The paywall is a barrier


This op-ed in Current Affairs magazine is quite opinionated, as op-eds in Current Affairs are wont to be, but it does start us off with a valid issue. What do we do in a landscape where the highest quality journalism and research is hidden behind paywalls that most people simply bounce off of?

First, the author talks about news being something that most people prefer to get for free, which means they will only ever see low-quality journalism, partial to whoever pays the bills. But he goes one level deeper and talks about academic publishing.

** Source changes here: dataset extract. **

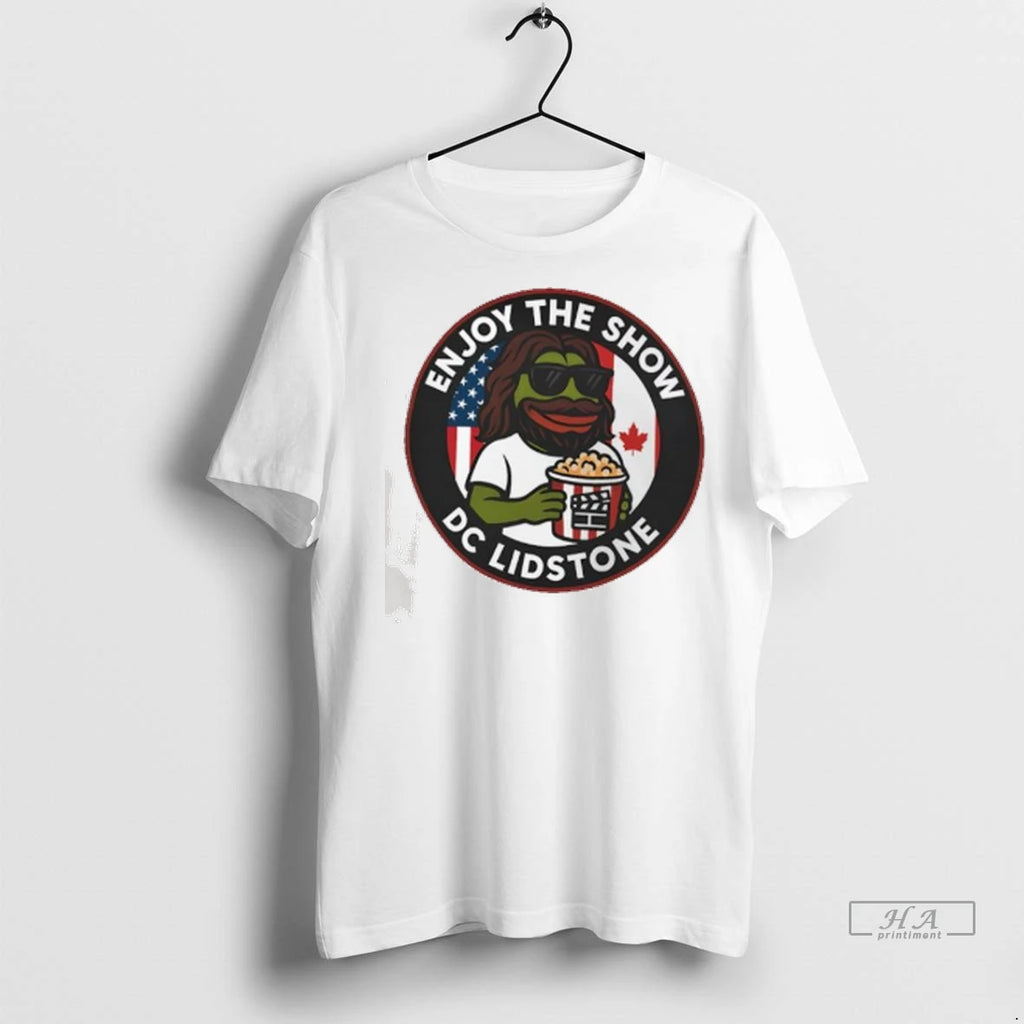 Officials Trendy Enjoy The Show Dc Lidstone Logo T Shirt Ga4hvr Shirt Sweater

Possibly even worse is the fact that so much academic writing is kept behind vastly more costly paywalls. A white supremacist on YouTube will tell you all about race and IQ but if you want to read a careful scholarly refutation, obtaining a legal PDF from the journal publisher would cost you $14.95, a price nobody in their right mind would pay for one article if they can’t get institutional access.

On the other hand, pseudo-scholarhip is easy to find. Right-wing think tanks like the Cato Institute, the Foundation for Economic Education, the Hoover Institution, the Mackinac Center, the American Enterprise Institute, and the Heritage Foundation pump out slickly-produced policy documents on every subject under the sun. They are utterly untrustworthy—the conclusion is always going to be “let the free market handle the problem,” no matter what the problem or what the facts of the case. But it is often dressed up to look sober-minded and non-ideological.

The rest of the op-ed is a possible solution to this problem: rethinking the foundations of intellectual property law and building a Tower of Babel style universal repository of all media.

Even though this may be impractical, or at the very least, extremely difficult to accomplish, it’s still an interesting idea to consider. I recommend this article because I think there’s value in thinking about ambitious ideas like this.